L'ETOURDIT Jacques Lacan
Pourquoi en parlez-vous, Roland Chemama ? Avez-vous tant besoin, comme votre ami Wolff, de vous cacher pour user autant d'encre et vous réfugier croyant au sophisme comme ultime recours, derrière des gens célèbres et ô combien décevants qui se seraient déshonorés de leur présence dans ce club malsain dit taurin? Ainsi de H.Hey, de Camus...ils n'ont pour eux que le bénéfice de l'époque d'avant la révélation contemporaine de l'existence des animaux comme êtres de chair, de nerfs, de sang et de sensibilité et comme sujets de droit.
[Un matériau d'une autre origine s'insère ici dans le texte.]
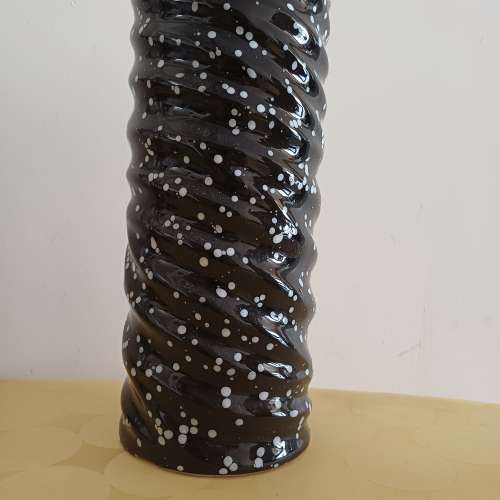 Vase 4
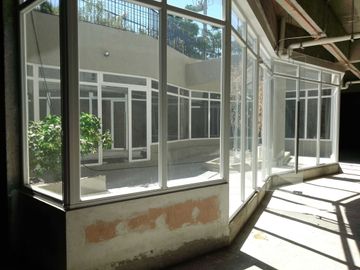 Local comercial en arriendo  en INDEPENDENCIA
Mais Hugo qui vécut avant, lui, on ne le leurrait pas qui parlait de la torture d'une conscience au sujet de celle du taureau. Zola non plus, lui qui ne fut pas non plus dupe du lynchage de Dreyfus. Mais n'est pas Juste qui veut!
Ainsi, avec ces noms prestigieux, vous avez voulu redorer votre blason? Hélas, vous n'avez fait que ternir le leur.
Tous les grands hommes ne sont pas grands en tout. Voilà ce que vous prouvez alors que vous voudriez qu'on se dise que si Hey aimait ça, alors c'est que Chemama est grand, comme tous ses amis du Club Taurin.
Malheur à l'humanité qui se laisse gouverner par ce que vous dites ne pas vouloir évoquer, Thanatos. L'écologie nous montre que nous en sommes peut- être au bout du vivant, à cause de ça dont la légalisation de fêtes sauvages du genre de la corrida sont des signes.
Peu d'espoir donc pour une espèce narcissique qui se croit tout permis, car à ce jeu de l'hors-loi qui produit la psychose, tout le monde le sait, c'est l'au delà du principe de plaisir qui gagne, la mort.
Il faut penser l'impensable, il faut déjouer ses pièges..il faut dire l'indicible. Tel est notre devoir, dévoiler le réel humain pour l'empêcher de tout détruire. Le devoir de mémoire, c'est bien. Celui de réfléchir à comment faire pour que plus jamais ça, c'est mieux.
Ma réponse:Il faut traquer la barbarie, cette jouissance indigne, où qu'elle se trouve, car la jouissance, ça en demande toujours "Encore"! ("Encore", séminaire de Lacan sur la jouissance...et l'amour.) Ce n'est pas une corrida qui peut nous empecher de faire le mal ailleurs, bien au contraire, elle attise le desir de faire souffrir.
Il n'y a catharsis que si il y a sublimation, donc aucune victime.